Using the records below, quote only the span that opens with the line containing "Benjamin Wetlands by Scott Snarr, Image 11." and closes with the line containing "Haunted Illusions starring David Caserta", exactly and inclusively.

━━━━━ Task data

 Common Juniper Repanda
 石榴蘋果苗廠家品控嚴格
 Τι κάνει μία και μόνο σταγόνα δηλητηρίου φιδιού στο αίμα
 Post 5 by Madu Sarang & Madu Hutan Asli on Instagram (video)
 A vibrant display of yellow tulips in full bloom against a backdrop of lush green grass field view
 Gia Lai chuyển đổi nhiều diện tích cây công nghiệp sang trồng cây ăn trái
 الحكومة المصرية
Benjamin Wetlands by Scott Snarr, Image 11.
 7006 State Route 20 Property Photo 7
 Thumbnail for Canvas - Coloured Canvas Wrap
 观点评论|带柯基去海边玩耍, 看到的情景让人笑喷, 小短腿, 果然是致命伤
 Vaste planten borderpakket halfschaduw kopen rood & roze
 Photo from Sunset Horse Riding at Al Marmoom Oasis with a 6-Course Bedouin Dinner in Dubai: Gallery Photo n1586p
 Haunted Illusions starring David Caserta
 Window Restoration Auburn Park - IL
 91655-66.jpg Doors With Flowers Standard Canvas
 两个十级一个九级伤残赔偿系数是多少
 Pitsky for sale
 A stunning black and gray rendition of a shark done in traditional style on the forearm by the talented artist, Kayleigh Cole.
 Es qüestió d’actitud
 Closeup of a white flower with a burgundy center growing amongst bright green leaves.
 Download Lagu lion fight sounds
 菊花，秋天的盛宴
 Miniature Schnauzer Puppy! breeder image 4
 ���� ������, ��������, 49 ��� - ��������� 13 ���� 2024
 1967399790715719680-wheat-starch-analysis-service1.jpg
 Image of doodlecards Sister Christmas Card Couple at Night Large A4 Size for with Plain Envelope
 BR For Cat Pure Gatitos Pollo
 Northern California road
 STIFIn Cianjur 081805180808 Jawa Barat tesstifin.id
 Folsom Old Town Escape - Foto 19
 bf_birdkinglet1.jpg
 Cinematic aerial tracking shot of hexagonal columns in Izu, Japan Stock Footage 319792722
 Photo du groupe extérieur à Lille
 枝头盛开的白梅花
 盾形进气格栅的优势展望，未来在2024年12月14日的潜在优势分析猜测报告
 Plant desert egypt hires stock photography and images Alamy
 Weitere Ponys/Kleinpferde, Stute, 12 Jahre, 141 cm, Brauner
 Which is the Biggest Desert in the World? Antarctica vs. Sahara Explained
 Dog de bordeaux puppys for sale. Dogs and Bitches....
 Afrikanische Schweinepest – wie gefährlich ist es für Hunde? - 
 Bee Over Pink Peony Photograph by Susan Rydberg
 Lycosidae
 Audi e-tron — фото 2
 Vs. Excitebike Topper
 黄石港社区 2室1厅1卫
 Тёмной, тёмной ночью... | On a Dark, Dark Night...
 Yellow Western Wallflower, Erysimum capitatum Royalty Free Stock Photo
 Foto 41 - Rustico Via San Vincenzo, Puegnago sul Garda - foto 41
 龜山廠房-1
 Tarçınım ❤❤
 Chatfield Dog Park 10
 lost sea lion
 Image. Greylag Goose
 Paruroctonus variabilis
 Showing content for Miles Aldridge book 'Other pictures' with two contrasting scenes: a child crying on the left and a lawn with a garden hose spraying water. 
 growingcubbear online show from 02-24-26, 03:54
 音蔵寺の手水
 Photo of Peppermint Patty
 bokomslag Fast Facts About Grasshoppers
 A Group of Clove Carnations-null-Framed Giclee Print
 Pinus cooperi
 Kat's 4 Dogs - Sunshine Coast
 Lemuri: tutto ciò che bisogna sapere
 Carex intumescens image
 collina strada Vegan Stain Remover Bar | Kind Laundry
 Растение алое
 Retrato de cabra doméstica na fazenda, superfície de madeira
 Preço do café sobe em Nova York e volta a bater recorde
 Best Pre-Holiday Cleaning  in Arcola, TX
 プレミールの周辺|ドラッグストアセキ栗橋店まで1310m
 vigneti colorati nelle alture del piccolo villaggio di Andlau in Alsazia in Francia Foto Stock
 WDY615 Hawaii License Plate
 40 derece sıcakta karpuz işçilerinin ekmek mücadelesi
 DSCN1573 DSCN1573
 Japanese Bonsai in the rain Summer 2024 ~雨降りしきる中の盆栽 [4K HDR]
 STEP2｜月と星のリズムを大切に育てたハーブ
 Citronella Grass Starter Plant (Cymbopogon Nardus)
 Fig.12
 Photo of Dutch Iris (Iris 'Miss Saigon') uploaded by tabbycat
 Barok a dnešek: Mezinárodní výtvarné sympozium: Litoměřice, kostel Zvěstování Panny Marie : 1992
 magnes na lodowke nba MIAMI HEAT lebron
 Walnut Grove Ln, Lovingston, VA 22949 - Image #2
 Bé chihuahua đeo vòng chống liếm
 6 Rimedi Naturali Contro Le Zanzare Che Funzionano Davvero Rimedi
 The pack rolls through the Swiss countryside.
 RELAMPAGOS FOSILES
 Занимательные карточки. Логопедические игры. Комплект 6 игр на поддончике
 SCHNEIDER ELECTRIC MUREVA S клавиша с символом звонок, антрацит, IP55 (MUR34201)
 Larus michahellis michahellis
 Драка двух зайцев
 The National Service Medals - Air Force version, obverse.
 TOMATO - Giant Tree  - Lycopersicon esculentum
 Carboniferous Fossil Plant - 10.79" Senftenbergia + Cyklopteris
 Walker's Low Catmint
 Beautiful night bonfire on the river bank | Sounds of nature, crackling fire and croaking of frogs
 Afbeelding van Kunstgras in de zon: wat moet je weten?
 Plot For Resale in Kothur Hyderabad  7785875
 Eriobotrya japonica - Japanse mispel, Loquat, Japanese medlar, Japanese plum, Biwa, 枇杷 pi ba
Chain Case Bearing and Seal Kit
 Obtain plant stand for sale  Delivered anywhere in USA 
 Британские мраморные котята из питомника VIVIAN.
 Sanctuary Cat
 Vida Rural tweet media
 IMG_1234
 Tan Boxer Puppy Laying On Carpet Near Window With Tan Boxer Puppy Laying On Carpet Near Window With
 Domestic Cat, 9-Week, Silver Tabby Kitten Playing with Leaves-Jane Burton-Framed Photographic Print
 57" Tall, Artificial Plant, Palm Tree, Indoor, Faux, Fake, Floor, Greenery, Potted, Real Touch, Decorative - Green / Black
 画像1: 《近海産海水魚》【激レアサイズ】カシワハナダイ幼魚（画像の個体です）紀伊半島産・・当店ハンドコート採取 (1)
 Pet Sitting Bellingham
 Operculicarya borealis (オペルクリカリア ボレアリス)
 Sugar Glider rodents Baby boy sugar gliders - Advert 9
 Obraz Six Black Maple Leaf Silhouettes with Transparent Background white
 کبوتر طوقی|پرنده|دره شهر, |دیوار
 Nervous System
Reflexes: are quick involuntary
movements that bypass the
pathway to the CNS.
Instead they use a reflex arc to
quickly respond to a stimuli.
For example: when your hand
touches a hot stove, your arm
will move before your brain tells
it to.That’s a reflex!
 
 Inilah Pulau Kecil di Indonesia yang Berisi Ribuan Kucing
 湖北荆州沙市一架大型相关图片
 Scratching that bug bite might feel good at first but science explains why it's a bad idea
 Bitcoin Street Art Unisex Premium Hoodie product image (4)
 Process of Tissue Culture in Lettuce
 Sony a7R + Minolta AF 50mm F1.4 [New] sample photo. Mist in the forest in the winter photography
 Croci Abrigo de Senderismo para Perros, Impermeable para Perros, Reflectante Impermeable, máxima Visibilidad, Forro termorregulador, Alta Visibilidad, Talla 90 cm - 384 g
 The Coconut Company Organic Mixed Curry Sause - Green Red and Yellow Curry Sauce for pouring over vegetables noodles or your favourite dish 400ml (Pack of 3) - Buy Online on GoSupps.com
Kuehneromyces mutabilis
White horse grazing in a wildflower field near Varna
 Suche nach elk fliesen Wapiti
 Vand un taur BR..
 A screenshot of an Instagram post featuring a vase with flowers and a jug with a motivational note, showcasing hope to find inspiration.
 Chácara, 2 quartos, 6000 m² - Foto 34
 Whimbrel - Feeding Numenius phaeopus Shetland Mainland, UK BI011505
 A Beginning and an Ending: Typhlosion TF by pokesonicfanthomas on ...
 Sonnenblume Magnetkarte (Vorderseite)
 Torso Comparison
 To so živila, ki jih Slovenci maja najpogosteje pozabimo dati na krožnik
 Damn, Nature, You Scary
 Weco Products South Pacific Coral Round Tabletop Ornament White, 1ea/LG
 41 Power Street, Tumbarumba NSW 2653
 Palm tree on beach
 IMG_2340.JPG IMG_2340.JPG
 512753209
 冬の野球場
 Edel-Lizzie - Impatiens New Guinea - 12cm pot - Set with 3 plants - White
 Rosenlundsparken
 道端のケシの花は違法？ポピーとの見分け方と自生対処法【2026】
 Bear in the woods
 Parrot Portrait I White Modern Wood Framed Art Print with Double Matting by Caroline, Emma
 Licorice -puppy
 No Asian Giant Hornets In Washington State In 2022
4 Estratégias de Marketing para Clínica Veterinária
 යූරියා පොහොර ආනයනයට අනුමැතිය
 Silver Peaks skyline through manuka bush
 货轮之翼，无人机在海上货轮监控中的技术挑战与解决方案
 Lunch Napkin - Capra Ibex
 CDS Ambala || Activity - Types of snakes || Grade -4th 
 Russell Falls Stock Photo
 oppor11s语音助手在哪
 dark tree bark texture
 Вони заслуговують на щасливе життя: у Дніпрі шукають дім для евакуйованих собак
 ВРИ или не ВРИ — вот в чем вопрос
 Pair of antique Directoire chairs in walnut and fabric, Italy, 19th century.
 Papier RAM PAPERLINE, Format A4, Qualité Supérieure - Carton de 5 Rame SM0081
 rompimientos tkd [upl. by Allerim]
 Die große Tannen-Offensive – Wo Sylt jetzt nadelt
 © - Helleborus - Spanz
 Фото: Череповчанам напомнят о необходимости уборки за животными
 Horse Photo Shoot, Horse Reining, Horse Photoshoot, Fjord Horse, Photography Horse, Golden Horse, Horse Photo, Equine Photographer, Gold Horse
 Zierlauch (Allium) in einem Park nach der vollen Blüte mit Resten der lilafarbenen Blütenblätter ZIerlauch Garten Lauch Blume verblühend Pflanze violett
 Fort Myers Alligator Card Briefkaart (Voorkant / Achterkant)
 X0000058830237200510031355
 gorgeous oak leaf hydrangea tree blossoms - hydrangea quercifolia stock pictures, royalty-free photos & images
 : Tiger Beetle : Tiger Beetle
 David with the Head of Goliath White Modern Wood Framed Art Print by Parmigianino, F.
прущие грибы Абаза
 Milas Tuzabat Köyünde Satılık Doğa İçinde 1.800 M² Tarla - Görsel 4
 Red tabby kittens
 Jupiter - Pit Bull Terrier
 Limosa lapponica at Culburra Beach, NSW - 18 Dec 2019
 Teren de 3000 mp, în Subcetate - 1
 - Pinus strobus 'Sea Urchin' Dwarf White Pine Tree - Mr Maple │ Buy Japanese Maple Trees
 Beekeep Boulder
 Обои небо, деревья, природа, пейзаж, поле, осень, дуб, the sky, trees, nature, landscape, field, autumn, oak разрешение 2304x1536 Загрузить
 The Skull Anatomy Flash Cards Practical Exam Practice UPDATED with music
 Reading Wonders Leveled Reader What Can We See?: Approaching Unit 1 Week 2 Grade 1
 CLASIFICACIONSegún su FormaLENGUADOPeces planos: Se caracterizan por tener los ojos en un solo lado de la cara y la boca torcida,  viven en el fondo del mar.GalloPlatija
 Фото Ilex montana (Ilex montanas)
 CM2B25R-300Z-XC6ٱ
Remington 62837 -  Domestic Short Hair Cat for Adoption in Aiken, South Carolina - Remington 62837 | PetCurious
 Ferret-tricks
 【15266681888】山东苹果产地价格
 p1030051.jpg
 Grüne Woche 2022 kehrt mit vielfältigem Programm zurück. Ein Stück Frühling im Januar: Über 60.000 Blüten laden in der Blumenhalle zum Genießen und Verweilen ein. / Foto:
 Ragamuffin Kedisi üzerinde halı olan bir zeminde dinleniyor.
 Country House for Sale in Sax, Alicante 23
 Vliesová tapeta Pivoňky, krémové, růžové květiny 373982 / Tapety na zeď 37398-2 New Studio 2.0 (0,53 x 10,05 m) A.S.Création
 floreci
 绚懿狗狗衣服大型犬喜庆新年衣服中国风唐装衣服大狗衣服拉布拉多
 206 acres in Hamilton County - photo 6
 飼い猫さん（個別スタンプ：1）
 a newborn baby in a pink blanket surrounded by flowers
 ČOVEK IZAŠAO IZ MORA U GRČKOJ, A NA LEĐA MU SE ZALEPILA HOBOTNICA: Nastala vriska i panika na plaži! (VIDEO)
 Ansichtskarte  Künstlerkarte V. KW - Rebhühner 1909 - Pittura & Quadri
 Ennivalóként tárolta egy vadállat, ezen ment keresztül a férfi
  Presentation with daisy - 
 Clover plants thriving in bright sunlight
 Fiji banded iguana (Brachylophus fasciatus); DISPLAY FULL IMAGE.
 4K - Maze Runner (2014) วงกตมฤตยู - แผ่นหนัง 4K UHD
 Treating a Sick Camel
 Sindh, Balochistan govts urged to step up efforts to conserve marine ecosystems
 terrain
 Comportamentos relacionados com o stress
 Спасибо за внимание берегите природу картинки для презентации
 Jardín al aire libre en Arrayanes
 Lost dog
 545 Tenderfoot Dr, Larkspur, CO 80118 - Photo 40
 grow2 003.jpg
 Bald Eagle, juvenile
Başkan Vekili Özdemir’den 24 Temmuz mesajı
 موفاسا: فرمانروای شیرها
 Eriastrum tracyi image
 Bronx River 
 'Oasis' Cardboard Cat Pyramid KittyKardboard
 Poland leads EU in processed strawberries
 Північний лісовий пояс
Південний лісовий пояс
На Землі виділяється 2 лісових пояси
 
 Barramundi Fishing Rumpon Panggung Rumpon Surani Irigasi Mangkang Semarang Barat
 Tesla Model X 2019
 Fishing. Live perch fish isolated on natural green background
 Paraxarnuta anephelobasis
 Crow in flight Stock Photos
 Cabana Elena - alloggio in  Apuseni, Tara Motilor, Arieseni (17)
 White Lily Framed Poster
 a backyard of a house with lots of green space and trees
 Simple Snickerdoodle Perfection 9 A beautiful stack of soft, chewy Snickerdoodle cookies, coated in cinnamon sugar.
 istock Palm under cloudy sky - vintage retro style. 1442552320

━━━━━━━━━━

## Solution for this task
Benjamin Wetlands by Scott Snarr, Image 11.
 7006 State Route 20 Property Photo 7
 Thumbnail for Canvas - Coloured Canvas Wrap
 观点评论|带柯基去海边玩耍, 看到的情景让人笑喷, 小短腿, 果然是致命伤
 Vaste planten borderpakket halfschaduw kopen rood & roze
 Photo from Sunset Horse Riding at Al Marmoom Oasis with a 6-Course Bedouin Dinner in Dubai: Gallery Photo n1586p
 Haunted Illusions starring David Caserta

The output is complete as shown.